Mittleider garden method


Curious who uses the Mittleider garden method? Some of you may not be familiar with the method .


Looks like that takes the guesswork out of it. I’d say for a city dude or gal recently moved to a more rural area with some gardening space…this would be a good guide to make sure you don’t fail.

I could do quite well at age 5 or 6 with a hoe and barefoot (provided I didn’t hit my toe with the hoe). So, this seems like a full time job to learn and implement this “method”…but I’m sure it works.


I’ve seen it before, but haven’t tried to implement any of the practices. An immediate turn-off for me is the heavy fertilizer recommendations and no mention of soil tests. As I understand it, he has no plant science education and he is a Dr only by honorary degree from someplace in the USSR.


There are a few things I like that he does like growing the taller things on the north and shorter things on the south since the sun is in the south that makes sense. Dont want big tall corn plants blocking the sun from tiny bush green bean plants as an example. Like the fact he recognizes more nutrients than NPK. I don’t think enough importance is given to soil. If you really follow this method many people who use it grow in sawdust and sand. Some of those people using this method do have pretty incredible results. Verticle gardening is highly efficient which is also recommended. If you really analyze it much of it is what others have done but its combined into one method. Hopefully others will give their opinions and we can get the good from the plan and leave the bad. Perhaps all of us will learn a new trick or two about growing vegetables.
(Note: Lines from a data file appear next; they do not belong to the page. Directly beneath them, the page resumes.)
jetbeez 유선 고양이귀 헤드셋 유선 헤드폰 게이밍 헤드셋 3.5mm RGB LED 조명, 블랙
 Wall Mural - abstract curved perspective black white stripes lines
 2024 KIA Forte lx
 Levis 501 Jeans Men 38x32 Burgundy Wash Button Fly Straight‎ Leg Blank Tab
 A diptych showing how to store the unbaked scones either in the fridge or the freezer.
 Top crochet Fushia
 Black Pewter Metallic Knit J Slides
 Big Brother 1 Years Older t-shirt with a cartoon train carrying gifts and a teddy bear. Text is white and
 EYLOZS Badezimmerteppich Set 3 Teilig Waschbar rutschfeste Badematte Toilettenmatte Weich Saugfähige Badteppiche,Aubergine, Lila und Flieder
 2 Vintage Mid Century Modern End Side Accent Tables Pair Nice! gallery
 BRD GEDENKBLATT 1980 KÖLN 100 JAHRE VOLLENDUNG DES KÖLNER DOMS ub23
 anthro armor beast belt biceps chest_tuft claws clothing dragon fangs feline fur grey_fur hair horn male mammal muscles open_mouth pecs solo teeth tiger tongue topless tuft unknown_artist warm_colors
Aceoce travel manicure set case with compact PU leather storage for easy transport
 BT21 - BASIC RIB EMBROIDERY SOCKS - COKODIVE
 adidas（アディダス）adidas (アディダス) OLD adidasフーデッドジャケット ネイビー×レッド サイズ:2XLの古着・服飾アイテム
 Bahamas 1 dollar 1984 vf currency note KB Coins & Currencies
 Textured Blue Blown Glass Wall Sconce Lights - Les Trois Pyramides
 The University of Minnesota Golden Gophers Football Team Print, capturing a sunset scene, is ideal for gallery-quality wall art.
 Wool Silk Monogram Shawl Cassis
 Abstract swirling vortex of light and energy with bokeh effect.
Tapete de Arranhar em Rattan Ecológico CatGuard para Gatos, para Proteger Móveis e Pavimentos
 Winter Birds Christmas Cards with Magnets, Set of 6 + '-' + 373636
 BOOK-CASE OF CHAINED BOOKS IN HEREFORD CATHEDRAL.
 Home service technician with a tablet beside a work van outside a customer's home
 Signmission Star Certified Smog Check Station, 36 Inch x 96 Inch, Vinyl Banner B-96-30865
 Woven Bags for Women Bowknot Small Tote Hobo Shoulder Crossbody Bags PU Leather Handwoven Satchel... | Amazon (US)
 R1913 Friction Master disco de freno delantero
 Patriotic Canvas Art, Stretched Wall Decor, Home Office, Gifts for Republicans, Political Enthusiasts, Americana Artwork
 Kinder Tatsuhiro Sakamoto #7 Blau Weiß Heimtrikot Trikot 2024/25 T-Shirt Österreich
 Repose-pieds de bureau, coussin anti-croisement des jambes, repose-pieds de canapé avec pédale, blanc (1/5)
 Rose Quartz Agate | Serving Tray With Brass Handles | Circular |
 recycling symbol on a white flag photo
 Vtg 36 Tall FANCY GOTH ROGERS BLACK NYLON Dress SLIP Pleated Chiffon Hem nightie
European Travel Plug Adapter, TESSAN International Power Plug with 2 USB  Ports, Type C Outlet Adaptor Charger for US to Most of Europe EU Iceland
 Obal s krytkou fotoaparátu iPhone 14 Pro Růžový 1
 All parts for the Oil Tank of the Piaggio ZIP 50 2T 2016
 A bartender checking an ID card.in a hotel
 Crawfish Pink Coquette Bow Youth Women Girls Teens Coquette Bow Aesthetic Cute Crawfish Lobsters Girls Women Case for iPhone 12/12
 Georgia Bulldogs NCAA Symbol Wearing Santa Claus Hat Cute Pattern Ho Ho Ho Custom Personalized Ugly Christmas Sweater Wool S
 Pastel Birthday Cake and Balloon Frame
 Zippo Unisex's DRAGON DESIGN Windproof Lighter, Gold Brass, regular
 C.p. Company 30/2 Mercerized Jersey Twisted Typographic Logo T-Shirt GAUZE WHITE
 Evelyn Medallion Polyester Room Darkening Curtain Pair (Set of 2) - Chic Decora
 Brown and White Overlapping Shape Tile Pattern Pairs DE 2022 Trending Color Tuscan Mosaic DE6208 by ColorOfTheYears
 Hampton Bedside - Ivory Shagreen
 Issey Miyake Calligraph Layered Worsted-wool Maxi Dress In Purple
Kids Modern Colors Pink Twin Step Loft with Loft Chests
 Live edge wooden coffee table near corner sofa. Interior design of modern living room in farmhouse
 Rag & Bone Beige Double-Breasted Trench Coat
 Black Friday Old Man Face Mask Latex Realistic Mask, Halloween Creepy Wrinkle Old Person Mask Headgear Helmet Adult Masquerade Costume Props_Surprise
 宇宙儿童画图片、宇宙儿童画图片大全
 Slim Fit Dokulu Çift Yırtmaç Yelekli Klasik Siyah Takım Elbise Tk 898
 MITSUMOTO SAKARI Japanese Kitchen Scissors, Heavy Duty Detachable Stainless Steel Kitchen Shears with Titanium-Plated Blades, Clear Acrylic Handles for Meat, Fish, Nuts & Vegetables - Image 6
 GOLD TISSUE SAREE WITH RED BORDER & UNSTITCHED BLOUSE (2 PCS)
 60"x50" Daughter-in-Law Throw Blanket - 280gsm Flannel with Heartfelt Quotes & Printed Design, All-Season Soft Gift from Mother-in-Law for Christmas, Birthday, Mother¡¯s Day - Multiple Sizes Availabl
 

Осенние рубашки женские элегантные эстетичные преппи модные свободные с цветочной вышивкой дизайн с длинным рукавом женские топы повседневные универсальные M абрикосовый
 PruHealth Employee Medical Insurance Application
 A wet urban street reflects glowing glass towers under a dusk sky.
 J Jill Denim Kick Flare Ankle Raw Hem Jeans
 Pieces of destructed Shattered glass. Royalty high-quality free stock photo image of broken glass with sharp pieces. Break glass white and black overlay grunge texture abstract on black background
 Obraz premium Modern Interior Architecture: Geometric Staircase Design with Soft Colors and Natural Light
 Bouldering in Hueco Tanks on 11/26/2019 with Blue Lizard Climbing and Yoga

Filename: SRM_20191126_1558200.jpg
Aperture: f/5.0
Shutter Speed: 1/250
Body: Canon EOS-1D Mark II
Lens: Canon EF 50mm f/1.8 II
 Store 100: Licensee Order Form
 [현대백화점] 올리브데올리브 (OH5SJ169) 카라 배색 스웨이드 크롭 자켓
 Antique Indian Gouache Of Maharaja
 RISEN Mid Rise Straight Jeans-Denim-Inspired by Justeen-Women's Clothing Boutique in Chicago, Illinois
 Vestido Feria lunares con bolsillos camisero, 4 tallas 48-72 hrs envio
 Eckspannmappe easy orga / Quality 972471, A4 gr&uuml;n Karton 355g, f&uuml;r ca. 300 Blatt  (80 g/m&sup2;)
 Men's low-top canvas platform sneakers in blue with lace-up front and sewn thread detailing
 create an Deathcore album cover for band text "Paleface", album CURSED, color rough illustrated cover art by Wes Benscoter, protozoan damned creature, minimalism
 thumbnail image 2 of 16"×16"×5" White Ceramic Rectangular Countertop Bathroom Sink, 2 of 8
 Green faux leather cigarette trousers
In my opinion, growing in a dead medium that makes you solely dependent on third party input (not to mention costly), pretty much negates the reason to grow. You might as well go to the store at that point.
Feed the soil, not the plants.


I like the idea of the wider beds and a ditch in the middle. I do not have access to a pressurized water system and I have to conserve the water I do get, so when I water it has to be on the plants not the entire garden.

I used to do raised beds but the water runs off and the beds dry out faster. I went back to the wide flat beds, but still, unless I had perfectly smooth ground the water would run and pool in the paths.
His method certainly has merit for those of us on limited water. There is also the possibility of mounding mulch in the ditch.


All this is good. But where to take so much space to make wide paths between the beds? I recently rearranged from 1.5’ path to 2’ for the path and now can’t find a spot to stick 2 extra tomatoes :grin:.